### EXERCISE AIM
In the data below, locate the line containing "LOT OF (8) AJA" and the line containing "Girls Blue Striped", then retype both and everything between them exactly. Pictures are not part of the copy.

### RECORDS SHOWN
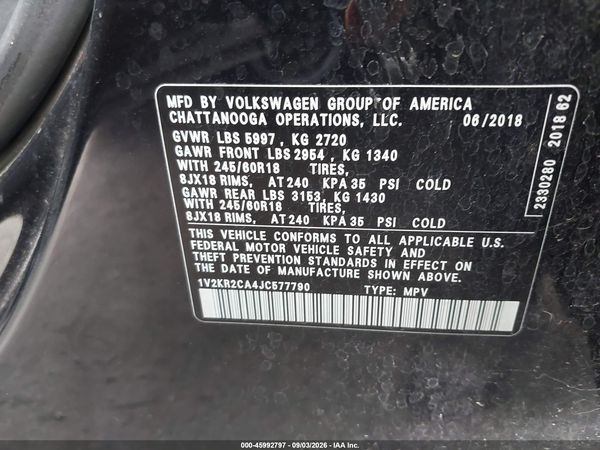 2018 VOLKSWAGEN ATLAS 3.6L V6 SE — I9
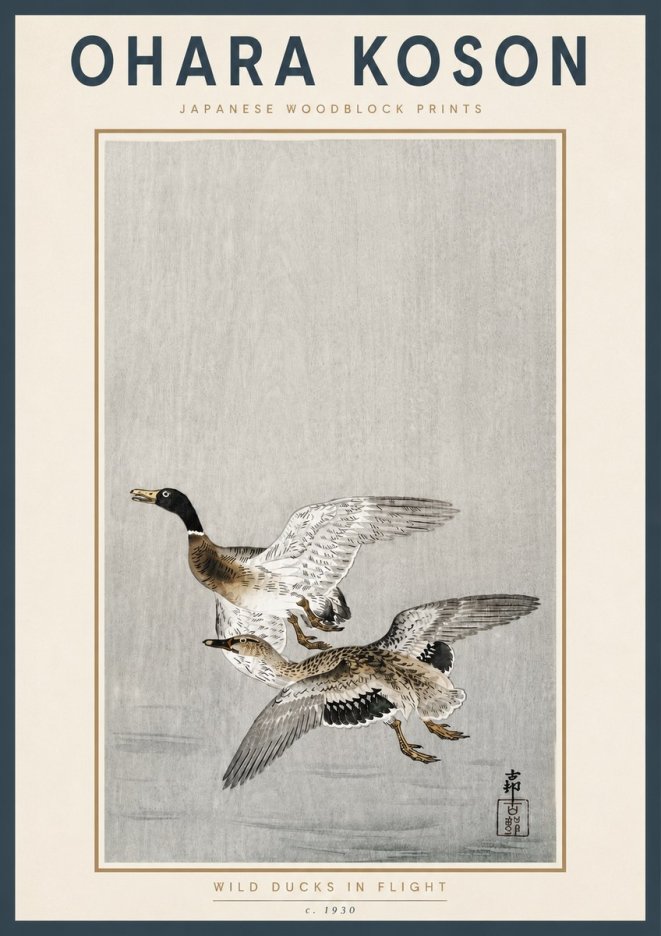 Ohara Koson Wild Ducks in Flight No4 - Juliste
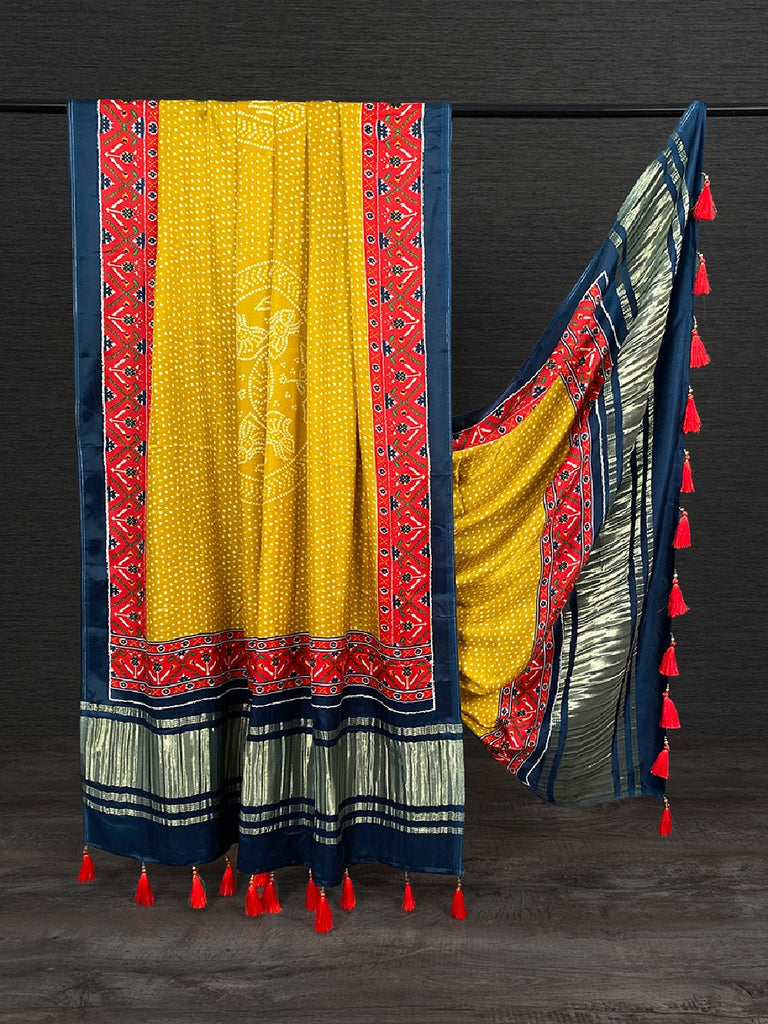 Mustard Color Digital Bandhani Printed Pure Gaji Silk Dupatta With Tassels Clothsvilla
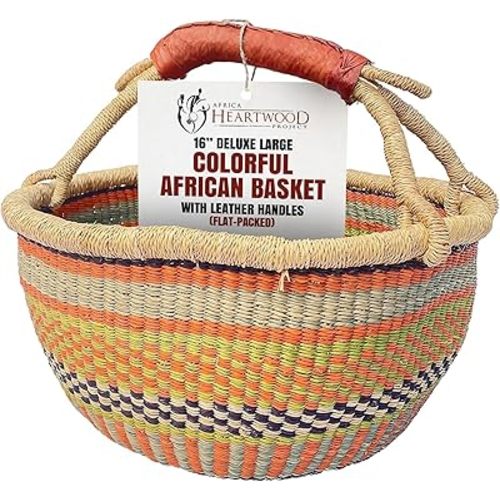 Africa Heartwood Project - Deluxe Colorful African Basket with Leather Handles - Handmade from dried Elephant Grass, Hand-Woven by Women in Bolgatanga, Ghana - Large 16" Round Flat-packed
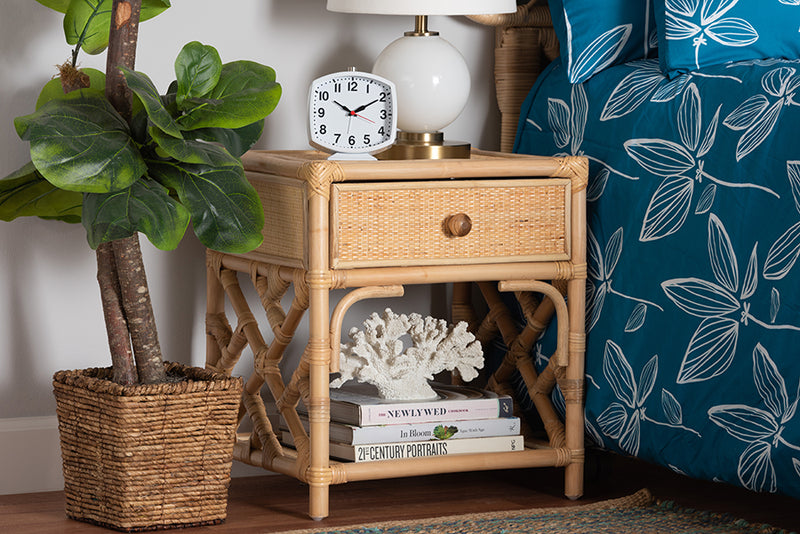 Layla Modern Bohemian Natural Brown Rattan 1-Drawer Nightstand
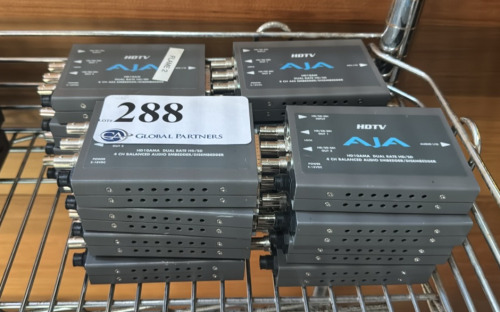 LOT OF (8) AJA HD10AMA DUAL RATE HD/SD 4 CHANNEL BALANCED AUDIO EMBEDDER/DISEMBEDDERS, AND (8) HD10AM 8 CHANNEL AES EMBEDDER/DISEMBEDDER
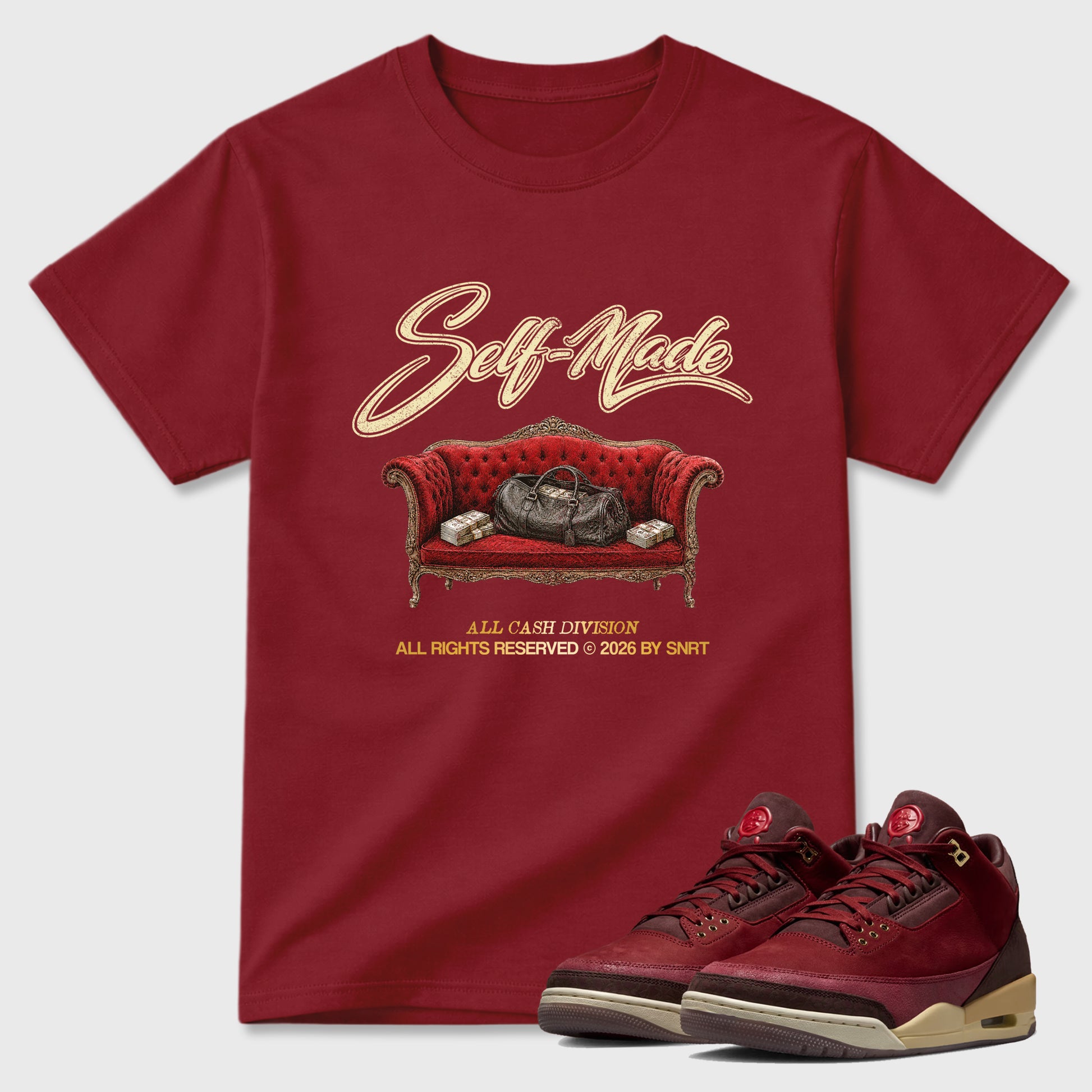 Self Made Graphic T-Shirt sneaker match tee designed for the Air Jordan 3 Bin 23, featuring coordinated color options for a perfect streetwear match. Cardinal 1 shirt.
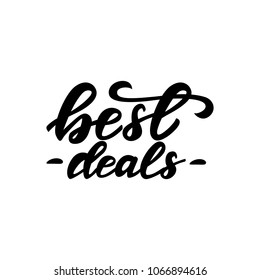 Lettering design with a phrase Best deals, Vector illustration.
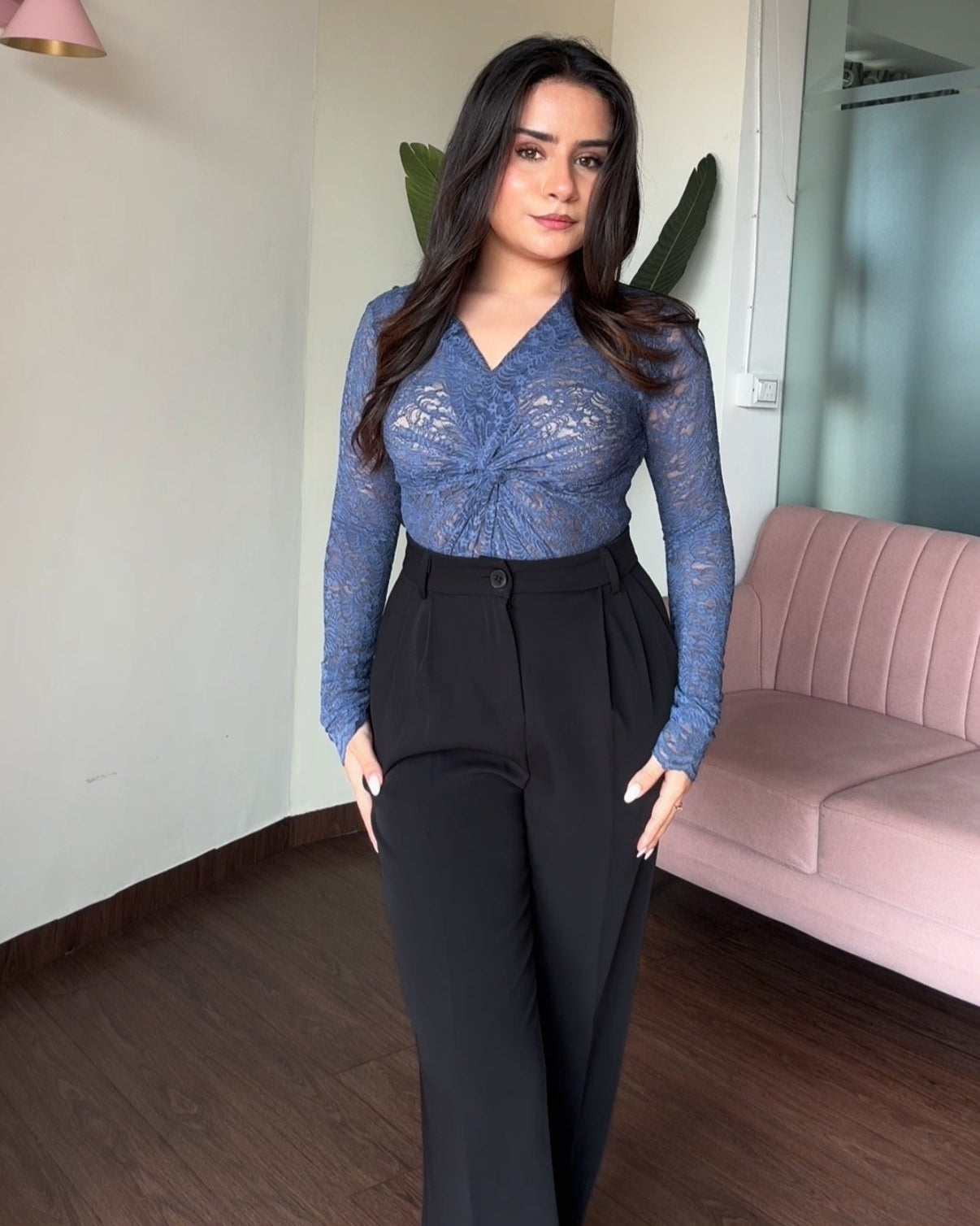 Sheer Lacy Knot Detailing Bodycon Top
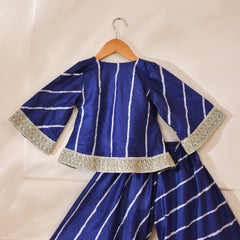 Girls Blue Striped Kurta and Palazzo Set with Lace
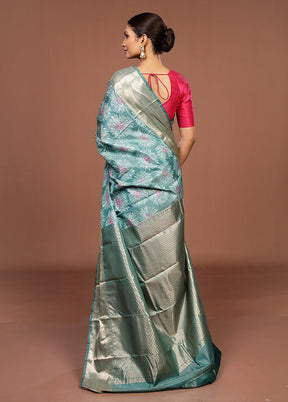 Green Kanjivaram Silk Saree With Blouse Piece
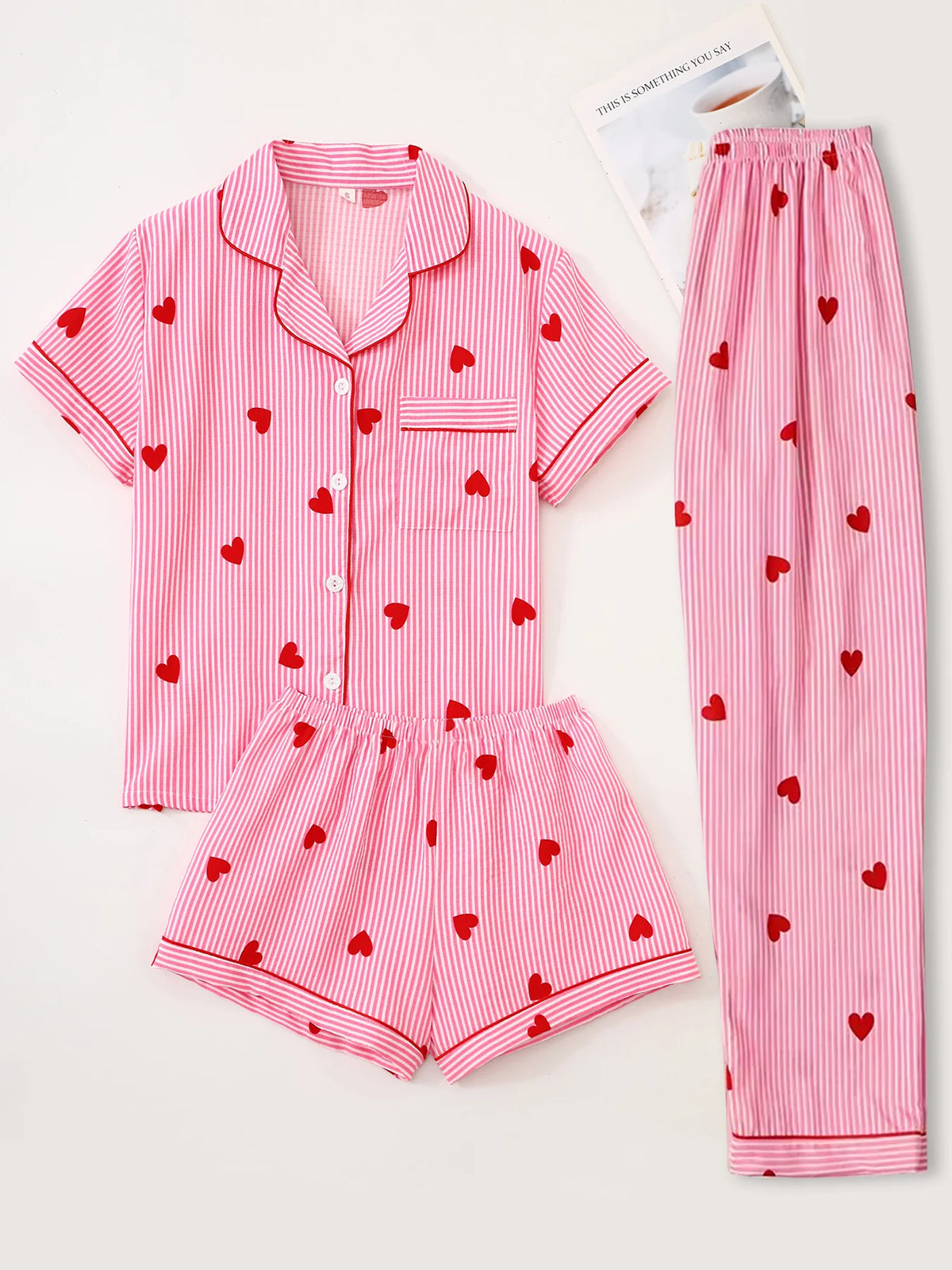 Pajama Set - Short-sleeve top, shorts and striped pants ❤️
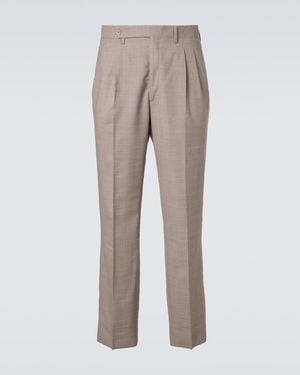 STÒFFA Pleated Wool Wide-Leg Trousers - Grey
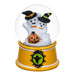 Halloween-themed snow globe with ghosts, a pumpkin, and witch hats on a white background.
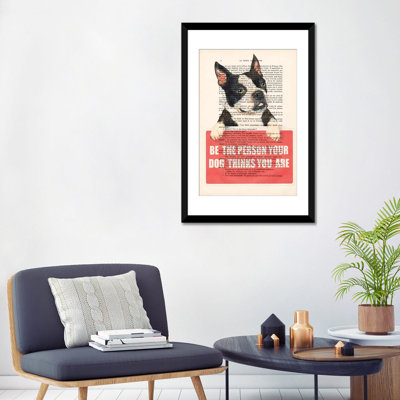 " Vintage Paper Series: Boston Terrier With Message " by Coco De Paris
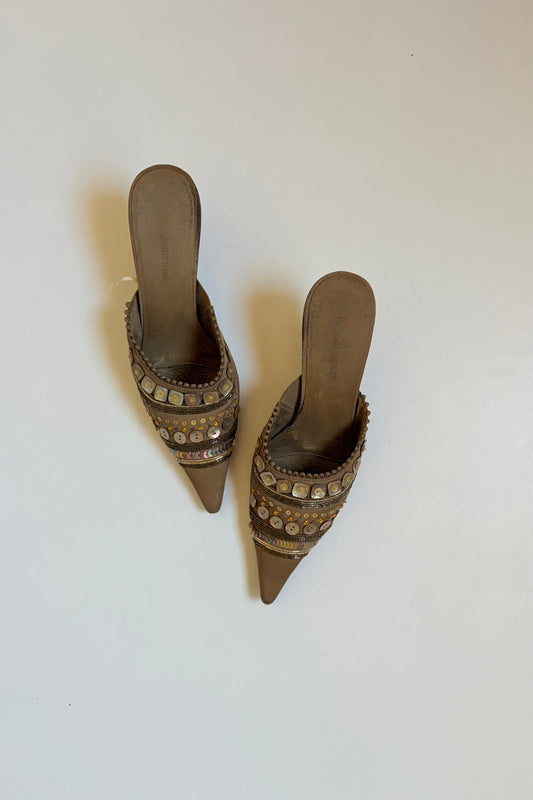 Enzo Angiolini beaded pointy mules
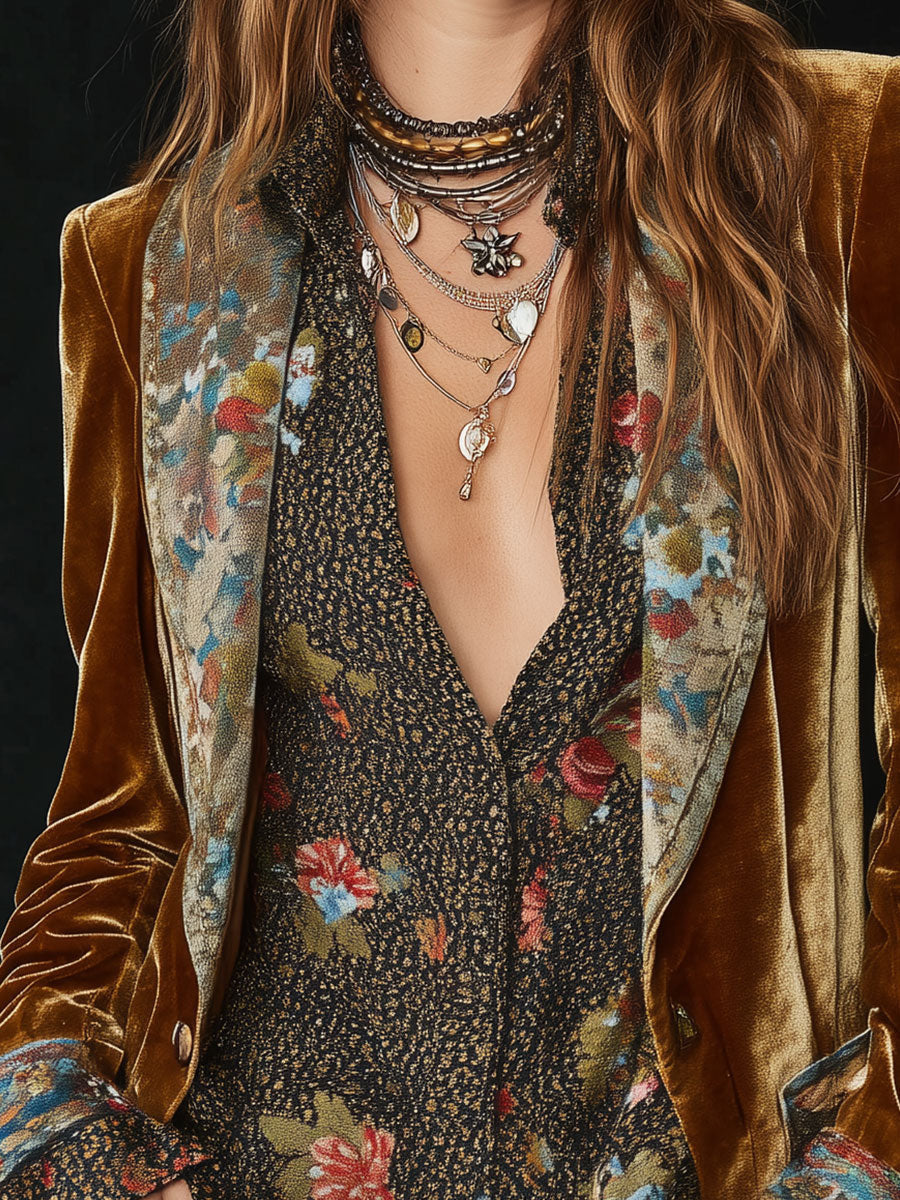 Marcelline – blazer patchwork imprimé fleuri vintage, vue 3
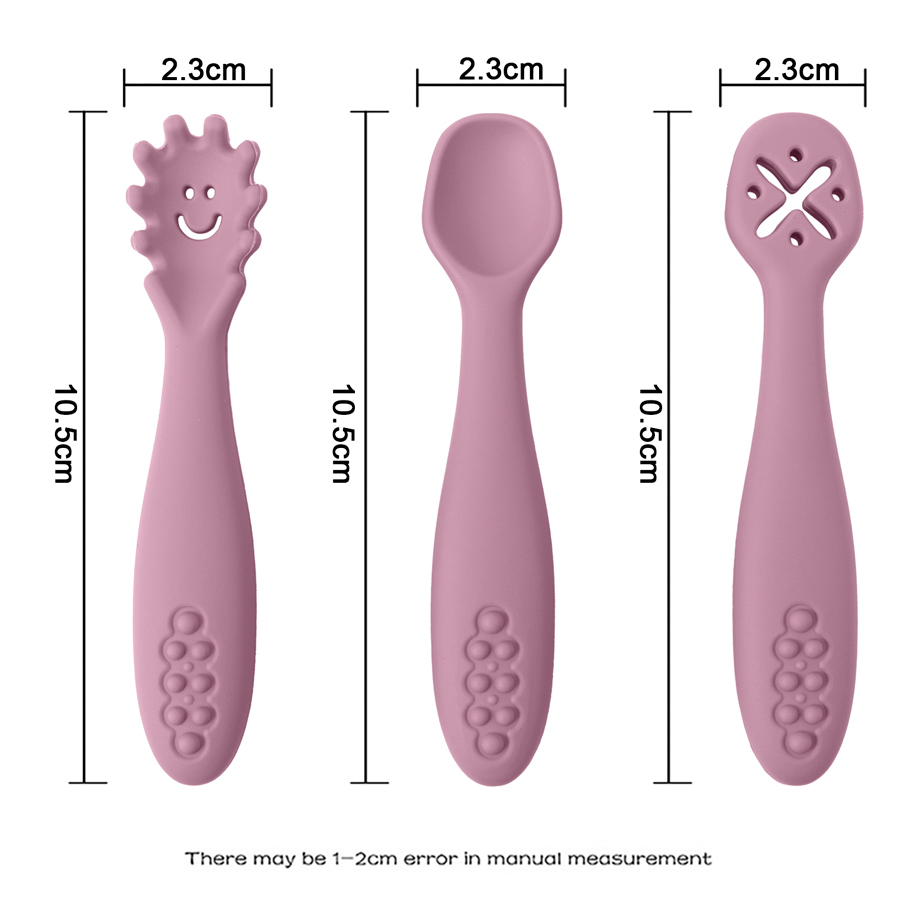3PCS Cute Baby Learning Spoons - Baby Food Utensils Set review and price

### RESULT
 LOT OF (8) AJA HD10AMA DUAL RATE HD/SD 4 CHANNEL BALANCED AUDIO EMBEDDER/DISEMBEDDERS, AND (8) HD10AM 8 CHANNEL AES EMBEDDER/DISEMBEDDER
 Self Made Graphic T-Shirt sneaker match tee designed for the Air Jordan 3 Bin 23, featuring coordinated color options for a perfect streetwear match. Cardinal 1 shirt.
 Lettering design with a phrase Best deals, Vector illustration.
 Sheer Lacy Knot Detailing Bodycon Top
 Girls Blue Striped Kurta and Palazzo Set with Lace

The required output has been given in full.